Il est également construit à partir de pas moins de 12 chipsets sur un mélange de nœuds de 5 nm et 6 nm en utilisant ce qu’AMD considère comme le packaging le plus avancé au monde. La couche de base de la puce est constituée de quatre grandes matrices d’E/S, dont le cache Infinity, PCIe Gen 5, les interfaces HBM et Infinity Fabric. À cela s’ajoutent huit chipsets d’accélérateur CDNA 3 ou « XCD » pour un total de 1,3 pétaflops de puissance de calcul brute FP16.
De chaque côté de ces matrices empilées se trouvent huit modules de mémoire HBM3 pour un total de 192 Go de mémoire. Alors oui, cette chose est un monstre.
Dans l’ensemble, AMD affirme que le MI300X a 2,4 fois la capacité de mémoire, 1,6 fois la bande passante mémoire et 1,3 fois la puissance de calcul brute du H100 de Nvidia. Dans les tests d’entraînement et d’inférence réels en IA, AMD affirme généralement que le MI300X est environ 1,2 fois plus rapide que le H100.
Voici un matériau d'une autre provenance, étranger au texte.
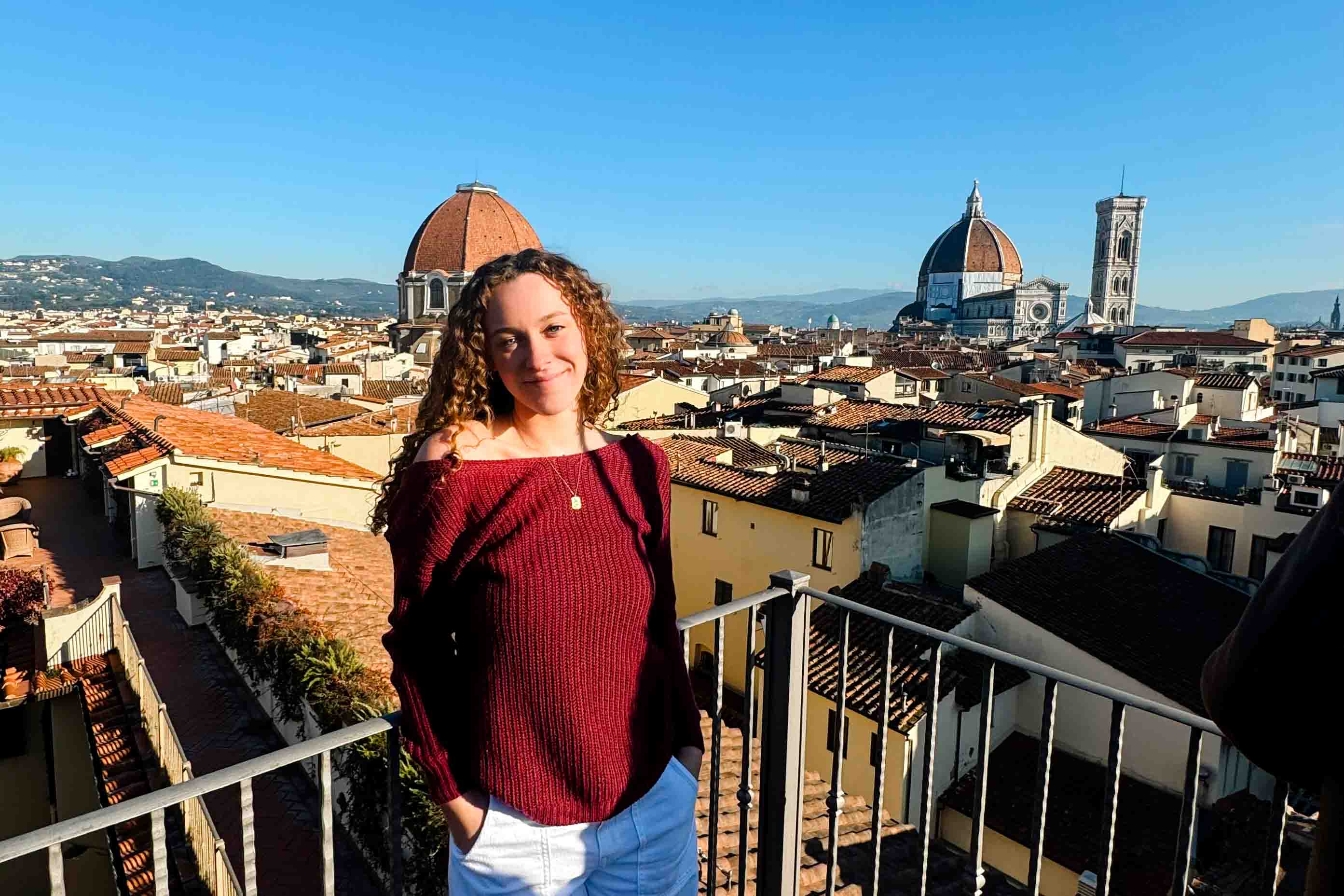 A student on a rooftop in Florence with the Duomo in the background.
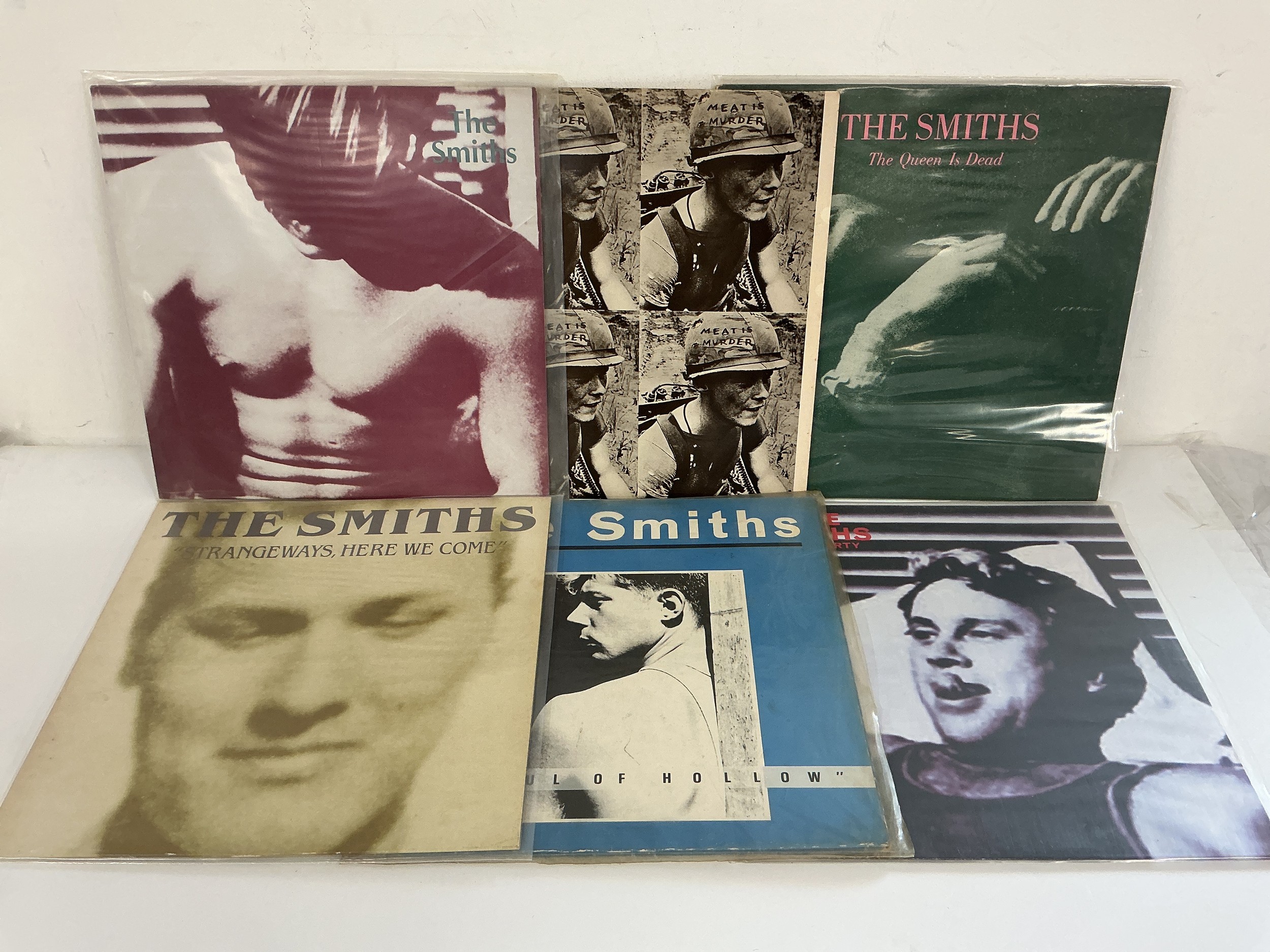 Six LPs by The Smiths comprising early UK pressings of their self titled debut, Meat Is Murder, The Queen Is Dead and others.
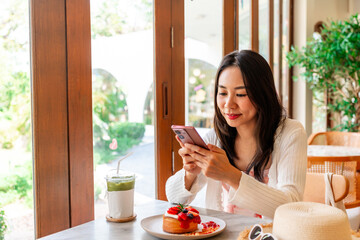 Young woman using smart phone and enjoy eating dessert in cafe on vacation trip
En réalité, tant que le MI300X est globalement compétitif sur le plan matériel, les détails les plus fins de la comparaison n’ont probablement pas beaucoup d’importance. Parce que le support logiciel sera sans doute plus important. La plate-forme CUDA de Nvidia est jusqu’à présent bien mieux prise en charge que le ROCm d’AMD, ce dernier a donc beaucoup à prouver.
Il convient de noter que Nvidia emploie plus d’ingénieurs logiciels que d’ingénieurs matériels, ce qui en dit long sur les domaines dans lesquels Nvidia accorde de la valeur et de l’importance.
Cela dit, AMD a souligné que son avantage en termes de capacité de mémoire signifie que vous pouvez faire beaucoup plus de MI300X que le H100 de Nvidia. Un nœud de serveur entièrement constitué de huit MI300X fournit 1,5 To de mémoire aux 640 Go du nœud Nvidia H100 GHX équivalent.
Il reste à voir quel sera le succès du MI300X. Bien qu’il soit évidemment prometteur de voir Microsoft, Meta et OpenAI soutenir le grand lancement de l’IA d’AMD, nous ne savons pas quelles puces ils achèteront réellement.
Comme nous l’avons signalé, on estime que Microsoft a acheté à lui seul pour 5 milliards de livres sterling de GPU Nvidia H100 au cours du dernier trimestre terminé. Ce qui ne ressort pas clairement de cet événement, c’est si des entreprises comme Microsoft envisagent de dépenser des milliards avec AMD ou si leur implication à ce stade consiste autant à maintenir Nvidia en alerte avec l’apparence d’une volonté d’acheter un produit concurrent qu’à réellement le faire. acheter des quantités vraiment importantes du nouveau GPU d’AMD.
De même, AMD se montre très prudent quant à ses prévisions de revenus du MI300X. Mais cela reflète-t-il ses véritables ambitions, ou tente-t-il de réduire les attentes à un niveau bas, puis de les dépasser ? Comme toujours, surveillez cet espace.
Ce que tout cela signifie pour les jeux sur PC est tout aussi, sinon plus flou. Si AMD peut gagner beaucoup d’argent avec les puces IA, cela le place en théorie dans une meilleure position pour investir dans la technologie GPU de jeu. D’un autre côté, cela pourrait également détourner l’attention d’AMD et même son accès aux capacités de fabrication de pointe de son principal partenaire fondeur TSMC.
Tout cela signifie que nous devrons simplement attendre et voir comment cela se déroulera. En général, nous pensons que les bons résultats d’AMD en matière d’IA seront une bonne chose pour les joueurs sur PC si cela permet d’obtenir un AMD plus sain et plus fort. mais il y a également tellement de variables en jeu qu’il est assez difficile d’en être sûr. si vous souhaitez en savoir plus, vous pouvez regarder l’intégralité de l’événement de lancement ici.